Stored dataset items

==========

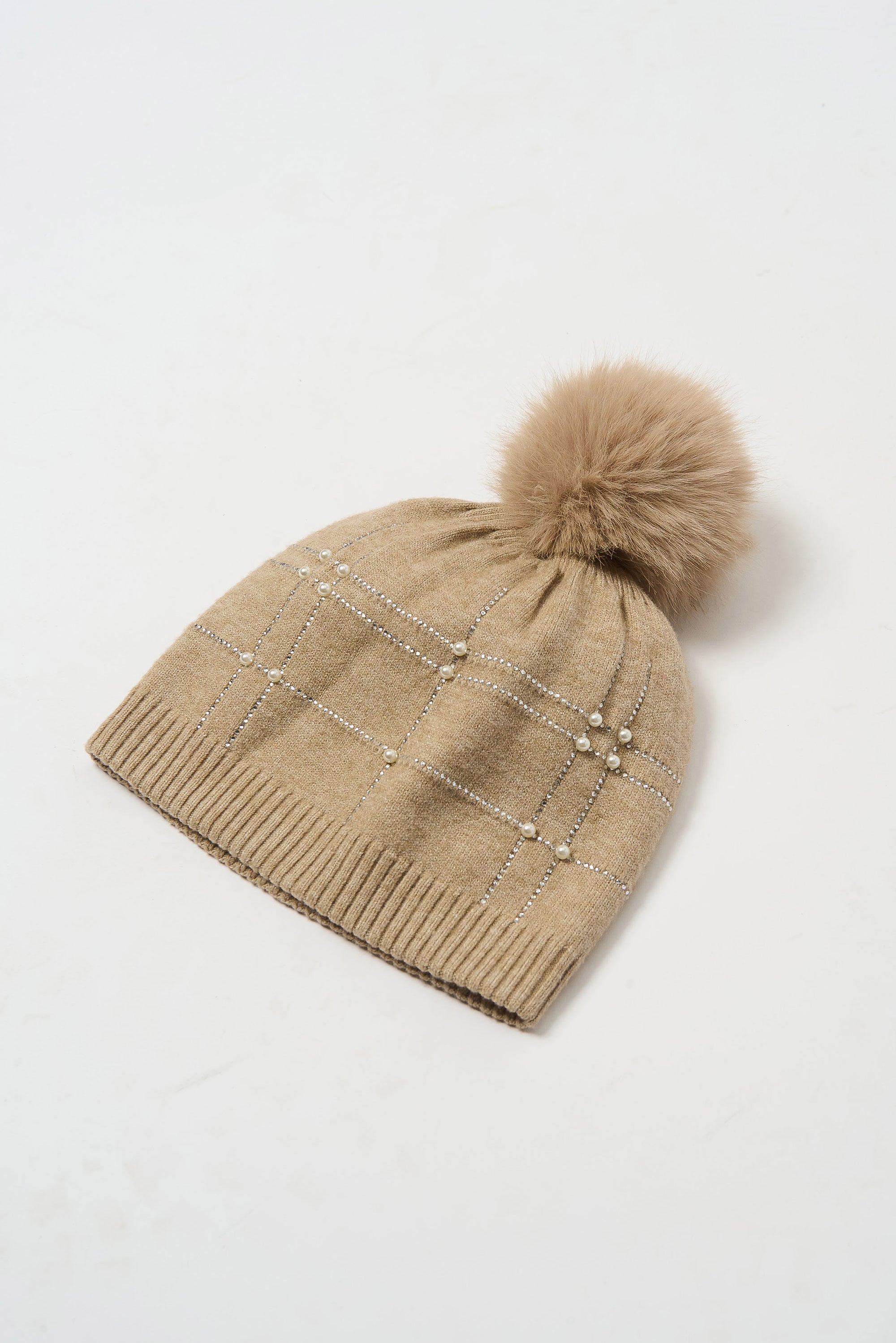 253969 Late Knitted Faux Fur & Pompom Hat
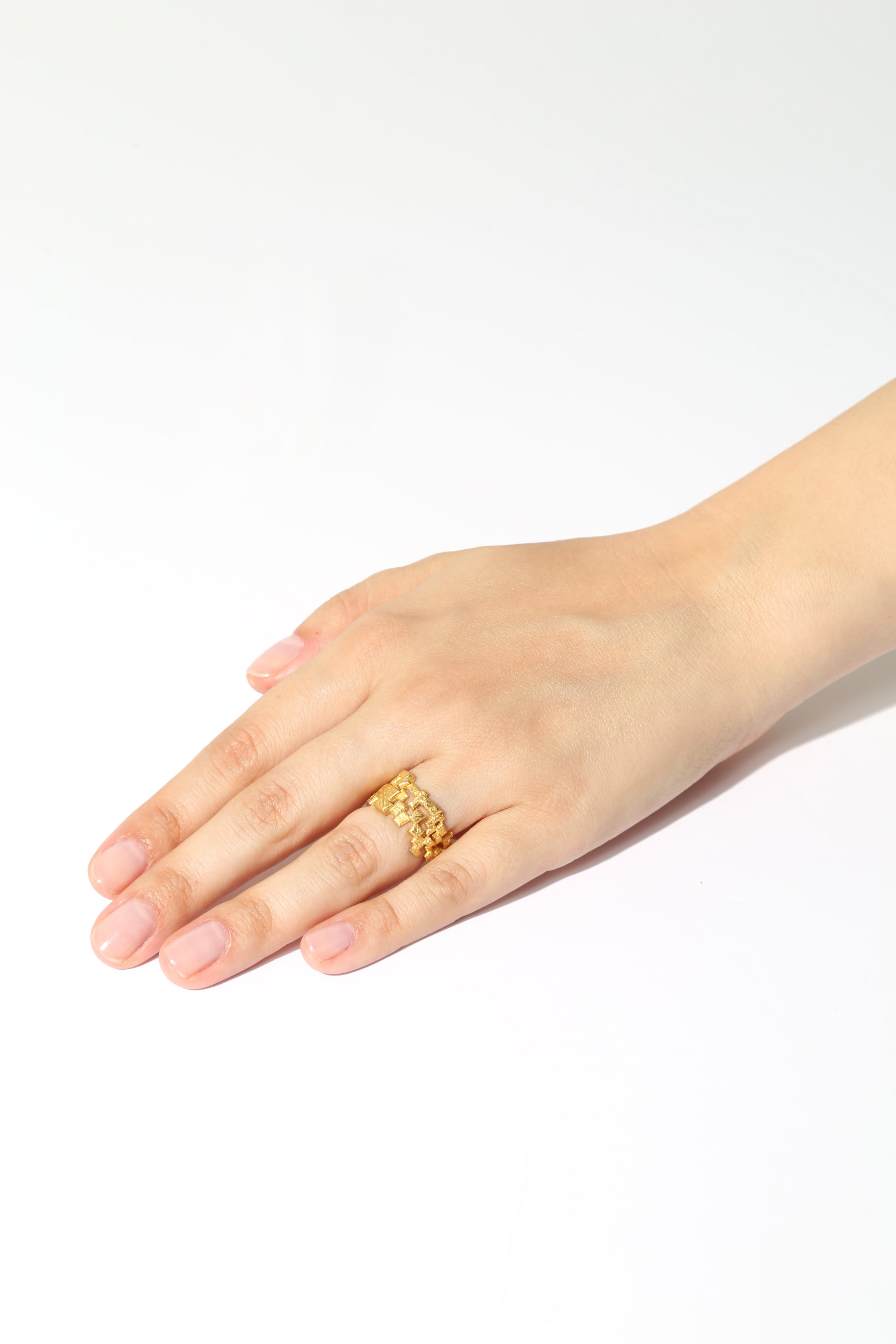 Dual Mosaic Ring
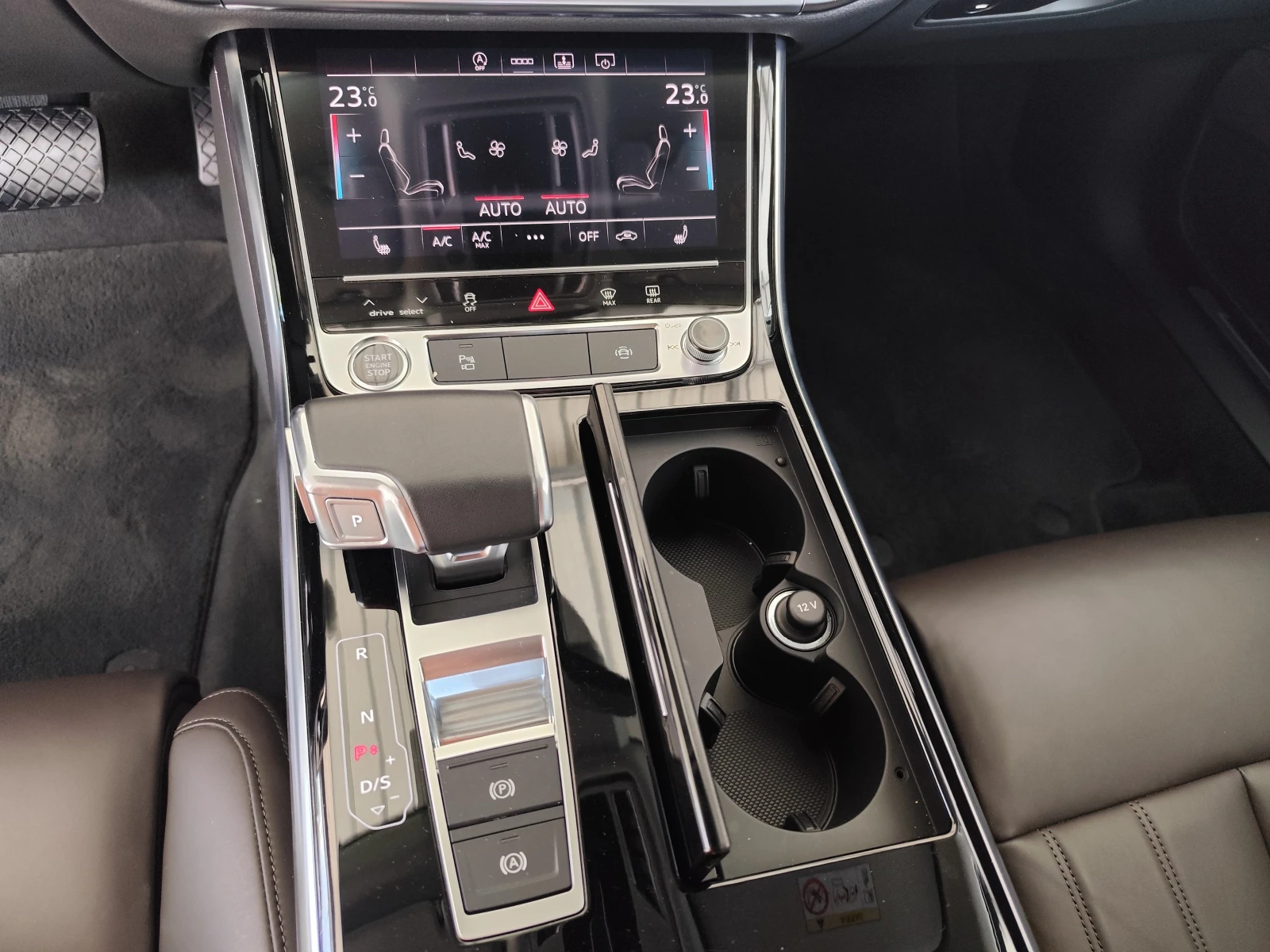 Audi A8 3.0D* АВТОМАТИК* MODEL 2024* 360CAMERA* EURO 6D* , снимка 12 - Автомобили и джипове - 55707022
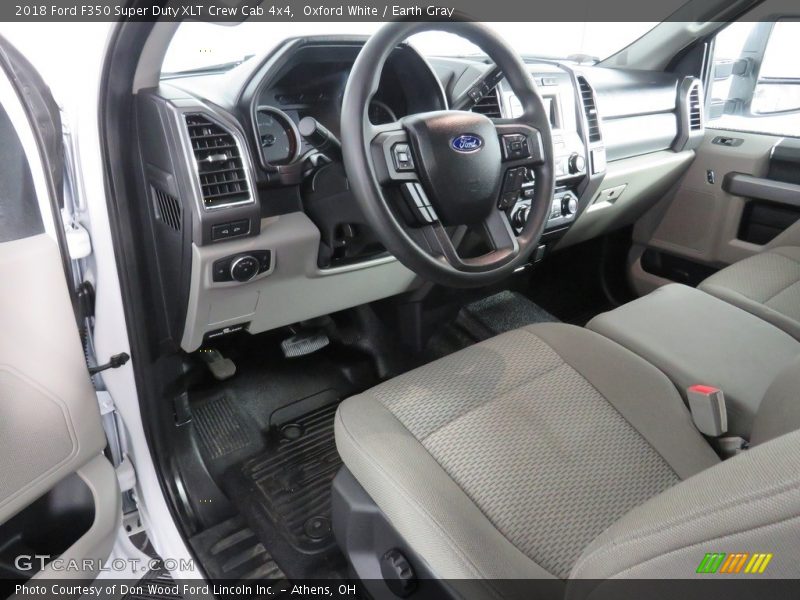 Oxford White / Earth Gray 2018 Ford F350 Super Duty XLT Crew Cab 4x4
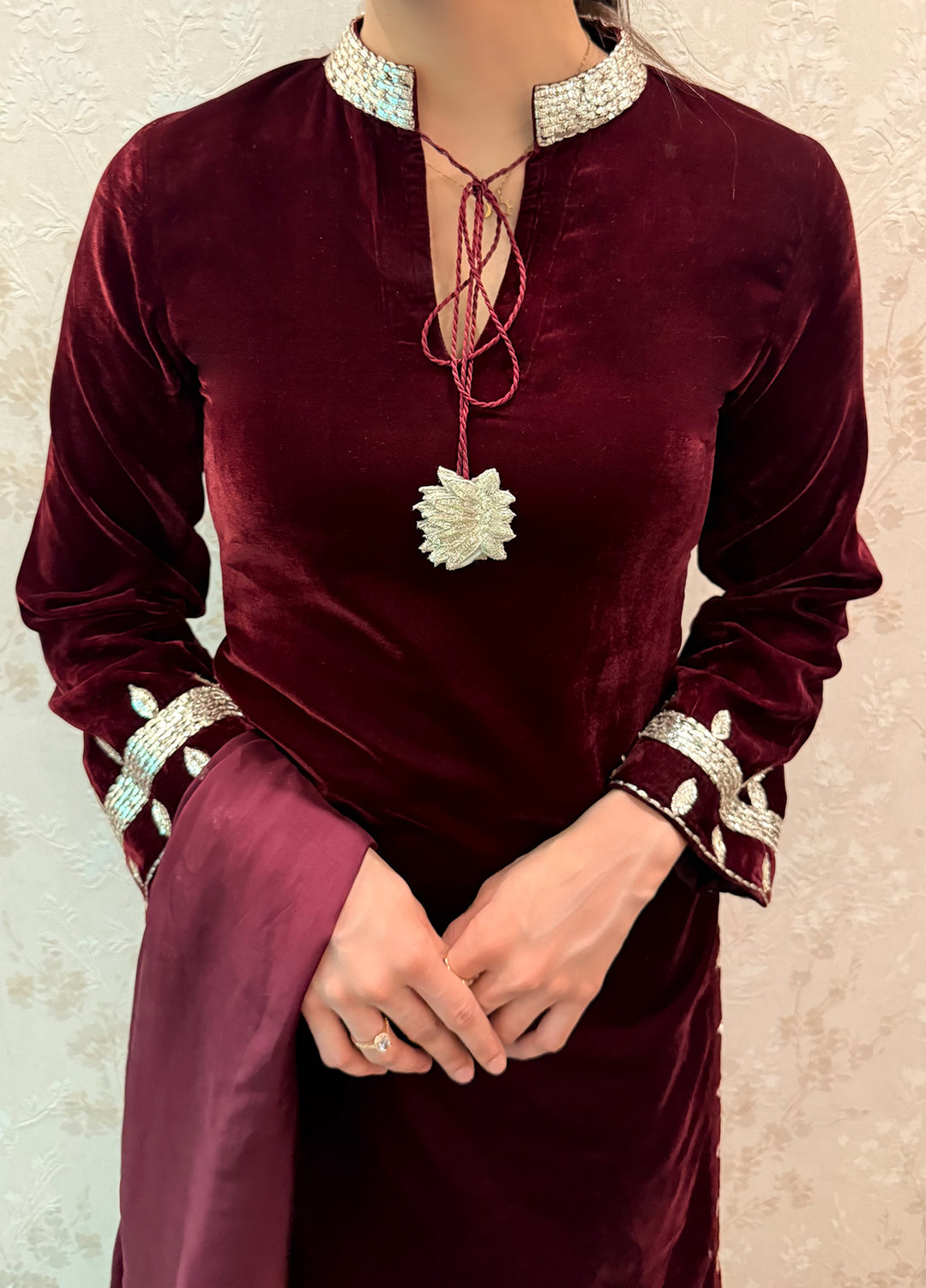 Noir by Mavie Pret Luxury Velvet Luna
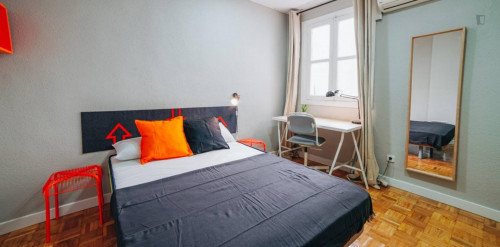 Very Cool Double Bedroom In Gaztambide - 1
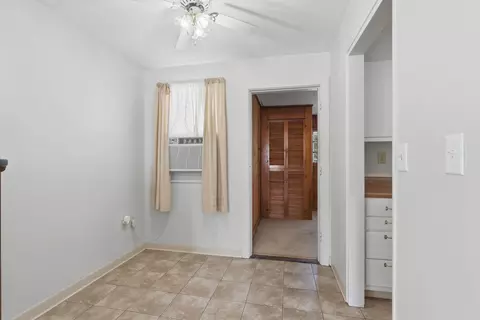 Entry Way - 3721 13th Ave, Moline, IL 61265 photo 2 of 3
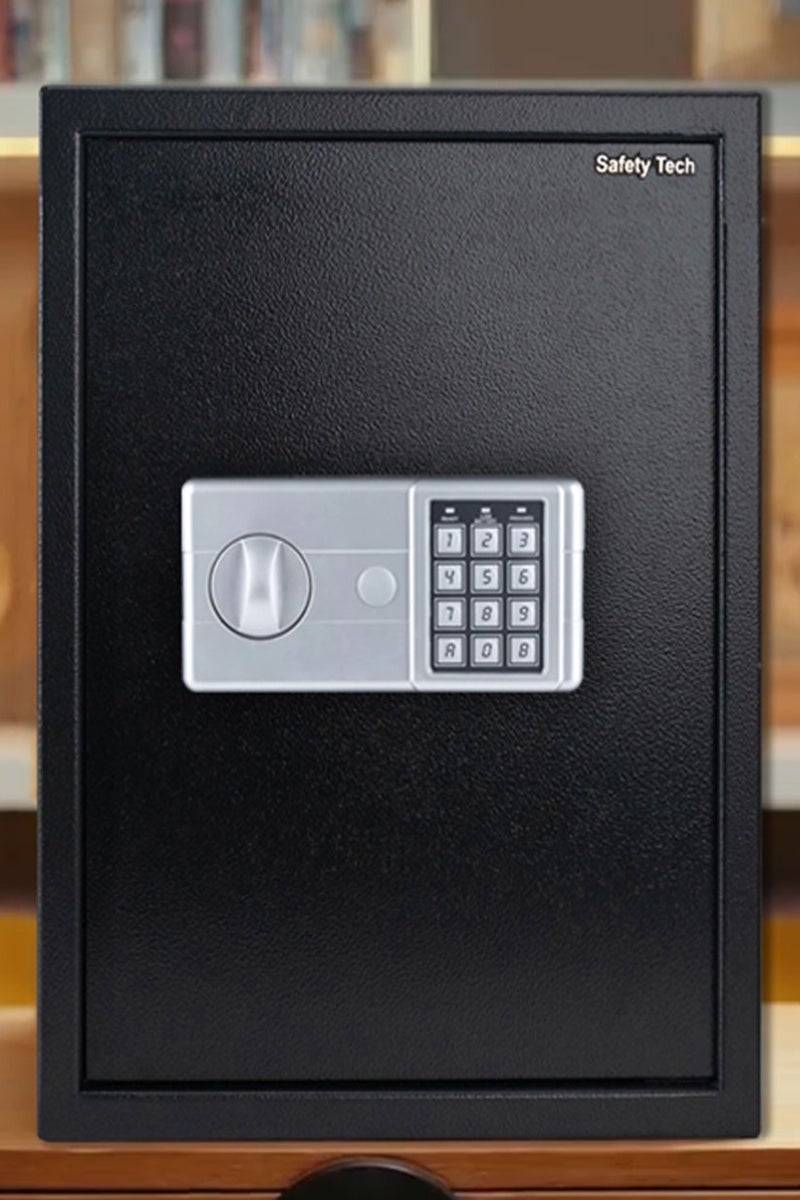 سيفتي تيك خزنة الكترونية تعمل بالارقام السرية 2 رف و3 مساحات للتخزين ، 5 ستاند للميداليات والاشياء الصغيرة ... مقاس 50 * 35 * 31 من الماركة العالمية Safety Tech - Image 1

==========

What the exercise asks -
Exact copy, no pictures: reproduce every record above.

Written response -
 253969 Late Knitted Faux Fur & Pompom Hat
 Dual Mosaic Ring
 Audi A8 3.0D* АВТОМАТИК* MODEL 2024* 360CAMERA* EURO 6D* , снимка 12 - Автомобили и джипове - 55707022
 Oxford White / Earth Gray 2018 Ford F350 Super Duty XLT Crew Cab 4x4
 Noir by Mavie Pret Luxury Velvet Luna
 Very Cool Double Bedroom In Gaztambide - 1
 Entry Way - 3721 13th Ave, Moline, IL 61265 photo 2 of 3
 سيفتي تيك خزنة الكترونية تعمل بالارقام السرية 2 رف و3 مساحات للتخزين ، 5 ستاند للميداليات والاشياء الصغيرة ... مقاس 50 * 35 * 31 من الماركة العالمية Safety Tech - Image 1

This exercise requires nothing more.